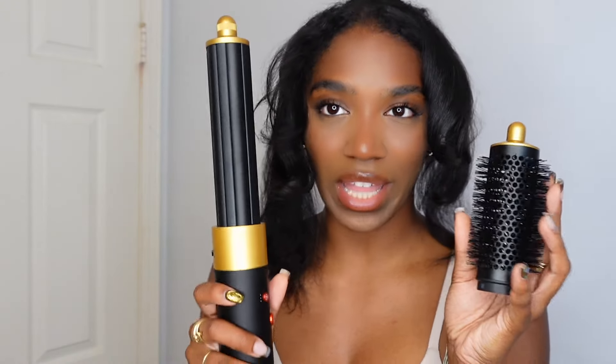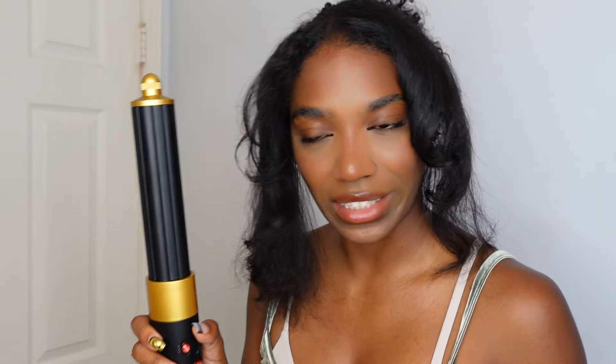The combo for me is this brush then this barrel — yes! I'm going to show you guys the smaller barrel and then after that I'm going to do my hair the way I plan to: first the barrel brush, then the barrel.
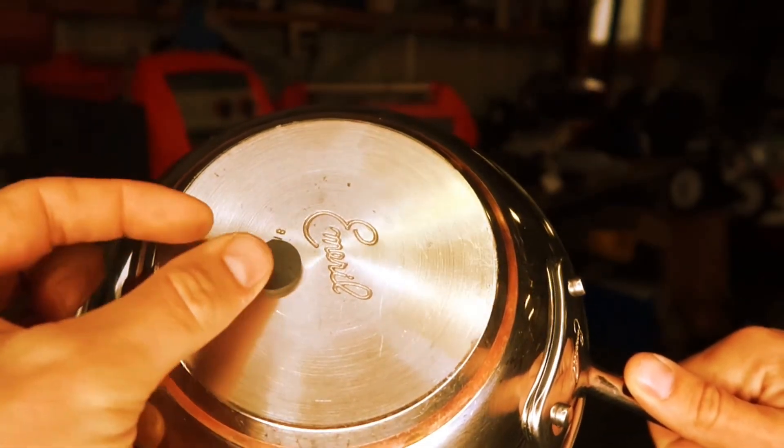Next is martensitic stainless, which has more carbon content in the base plate and is the least common of stainless steels. Manufacturers use it for cooking wear like pots and pans. The fourth type is duplex stainless, which is used for high corrosion resistance — you'll see it in heat exchangers. Those are the four different types of stainless steels.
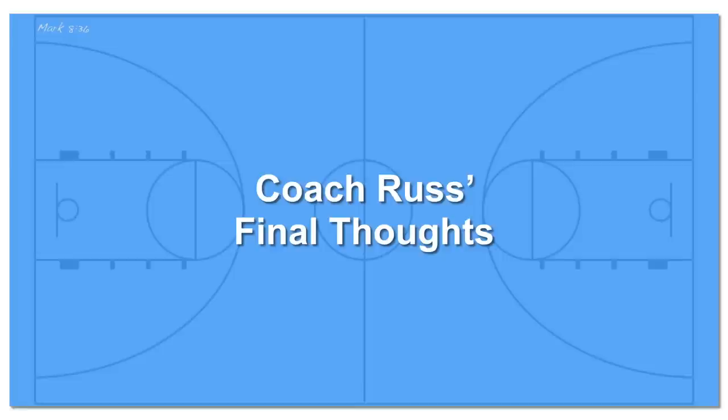Thanks for watching my video on how to break a matchup or person-to-person full-court press. If you like this, please leave a like, and if you like the content, please subscribe. In this video we covered how to break a matchup or person-to-person full-court press. Simply getting out of the backcourt and into your frontcourt without turning over the ball is a victory. If you're advancing on your goal with an advantage in numbers, that's always a bonus. Score some easy fast break points off a press break and your opponents are likely to call off their press really quick. In my video number 23, I go over a zone press break, so check that out and you'll have both in your playbook arsenal.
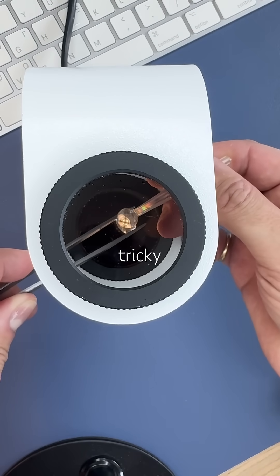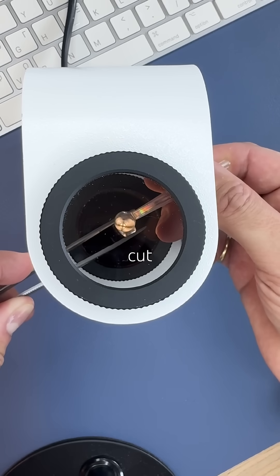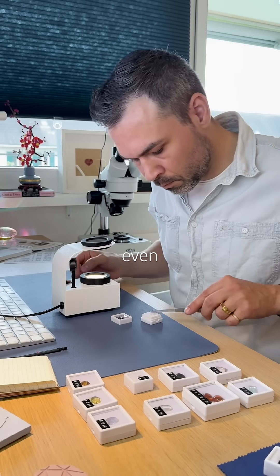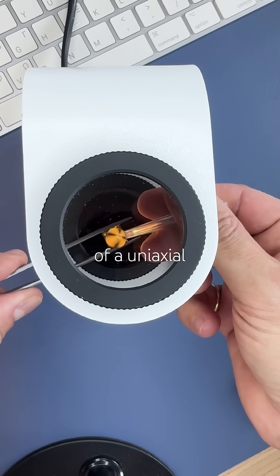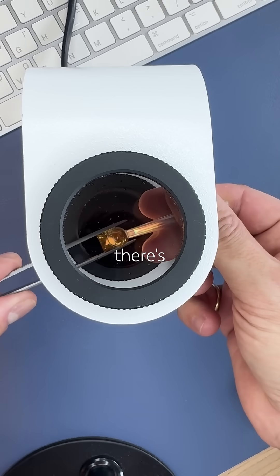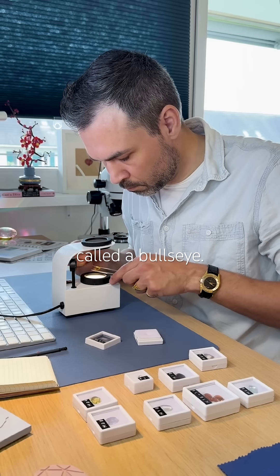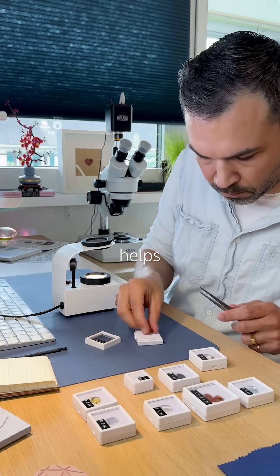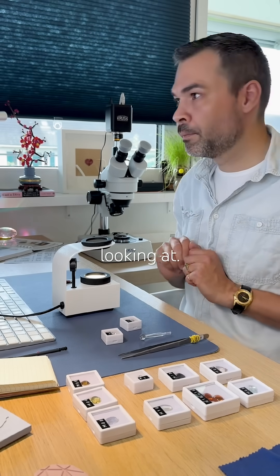Sometimes it's tricky to locate the optic axis because of the gem shape, color, or cut, but it's always there even if not found. There's also a quartz-only variation of a uniaxial pattern — instead of a cross, there's a glowing iridescent center. That's called a bullseye. That also helps us narrow down options as to what kind of gemstone we're looking at.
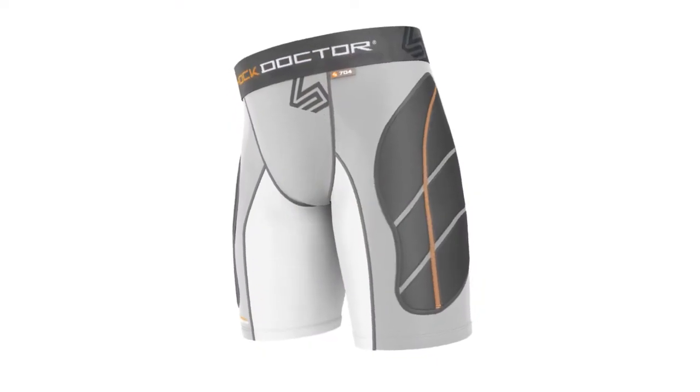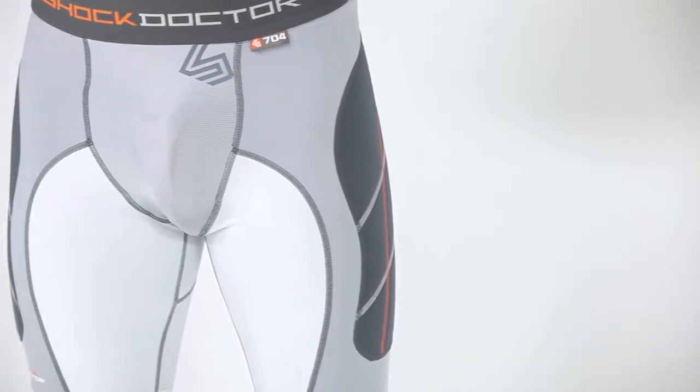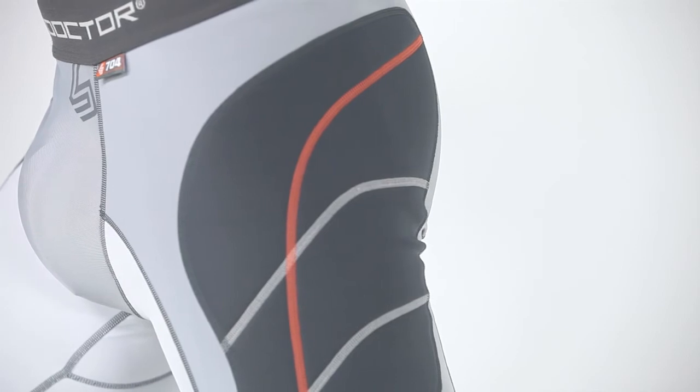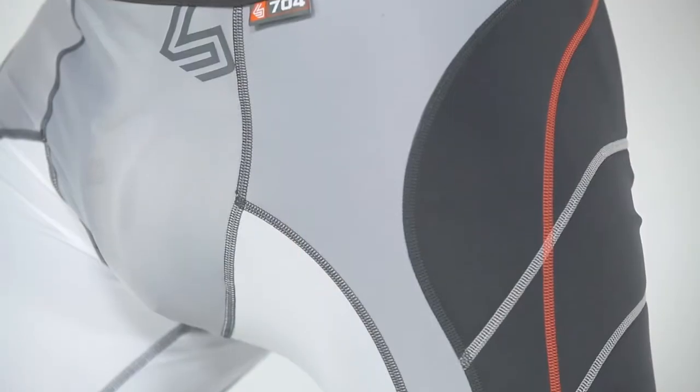The Shock Doctor 704 Ultra Padded Sliding Short provides superior protection designed exclusively for baseball players. We engineered the shorts with our exclusive BioShape design to match the curve and shape of your natural stance and provide superior comfort and performance.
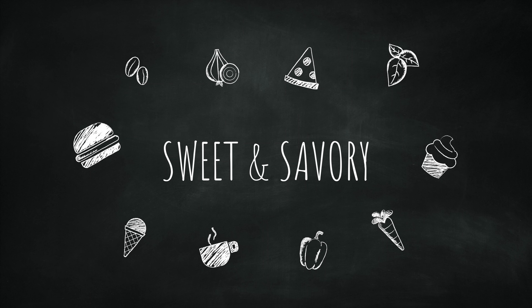To make this queso dip we're gonna place whole milk in a small saucepan, and to this we're gonna add onion powder and garlic powder. For flavor we're gonna add poblano peppers — these are mild — and for spiciness we're gonna add serrano peppers. These are spicy, so if you don't like it that spicy you can add more poblano peppers instead.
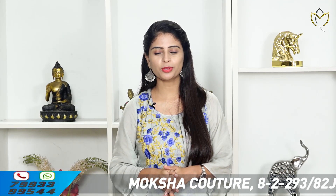Hello all! Namaste! Welcome to Mokshakoucha. This is Monica. In this episode, we have made silk kota sarees, which also have a country style borders.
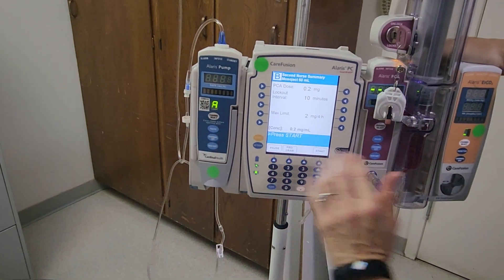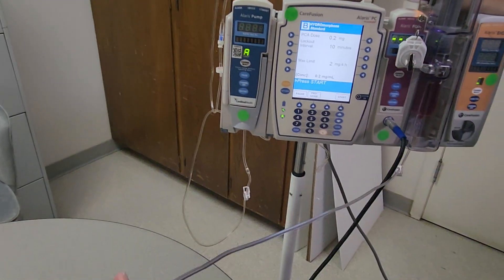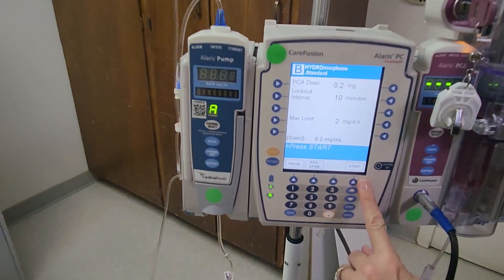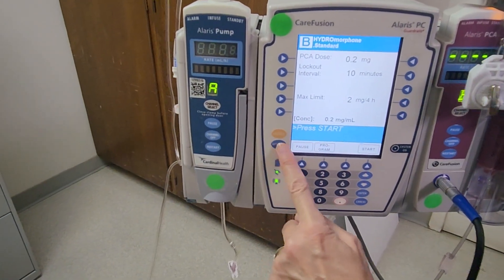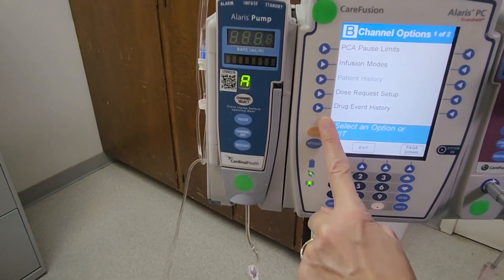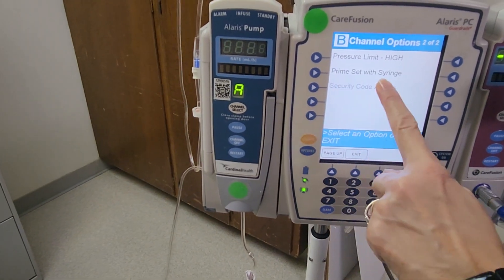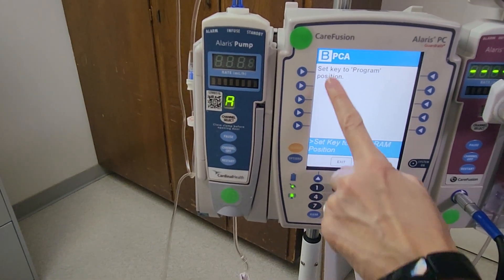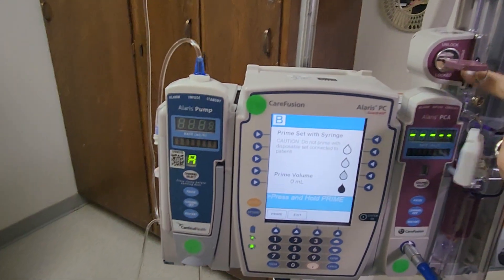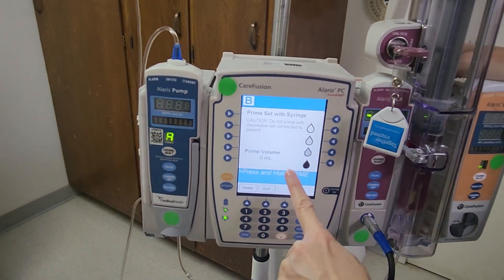It's telling me to press start, but we have not primed our tubing yet, so we need to do that — we prime our tubing on the pump. Instead of hitting start, go under options and page down to find 'Prime set with syringe.' Set the key to the program position, and it tells you to prime the set with the syringe. Do not prime with the disposable set connected to the patient, so we don't want to give them any air or a medication bolus.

____

▶ _EXERCISE DESCRIPTION_:
Please return the lines above exactly, with the pictures omitted.

▶ _PROBLEM SOLUTION_:
The combo for me is this brush then this barrel — yes! I'm going to show you guys the smaller barrel and then after that I'm going to do my hair the way I plan to: first the barrel brush, then the barrel.
Next is martensitic stainless, which has more carbon content in the base plate and is the least common of stainless steels. Manufacturers use it for cooking wear like pots and pans. The fourth type is duplex stainless, which is used for high corrosion resistance — you'll see it in heat exchangers. Those are the four different types of stainless steels.
Thanks for watching my video on how to break a matchup or person-to-person full-court press. If you like this, please leave a like, and if you like the content, please subscribe. In this video we covered how to break a matchup or person-to-person full-court press. Simply getting out of the backcourt and into your frontcourt without turning over the ball is a victory. If you're advancing on your goal with an advantage in numbers, that's always a bonus. Score some easy fast break points off a press break and your opponents are likely to call off their press really quick. In my video number 23, I go over a zone press break, so check that out and you'll have both in your playbook arsenal.
Sometimes it's tricky to locate the optic axis because of the gem shape, color, or cut, but it's always there even if not found. There's also a quartz-only variation of a uniaxial pattern — instead of a cross, there's a glowing iridescent center. That's called a bullseye. That also helps us narrow down options as to what kind of gemstone we're looking at.
The Shock Doctor 704 Ultra Padded Sliding Short provides superior protection designed exclusively for baseball players. We engineered the shorts with our exclusive BioShape design to match the curve and shape of your natural stance and provide superior comfort and performance.
To make this queso dip we're gonna place whole milk in a small saucepan, and to this we're gonna add onion powder and garlic powder. For flavor we're gonna add poblano peppers — these are mild — and for spiciness we're gonna add serrano peppers. These are spicy, so if you don't like it that spicy you can add more poblano peppers instead.
Hello all! Namaste! Welcome to Mokshakoucha. This is Monica. In this episode, we have made silk kota sarees, which also have a country style borders.
It's telling me to press start, but we have not primed our tubing yet, so we need to do that — we prime our tubing on the pump. Instead of hitting start, go under options and page down to find 'Prime set with syringe.' Set the key to the program position, and it tells you to prime the set with the syringe. Do not prime with the disposable set connected to the patient, so we don't want to give them any air or a medication bolus.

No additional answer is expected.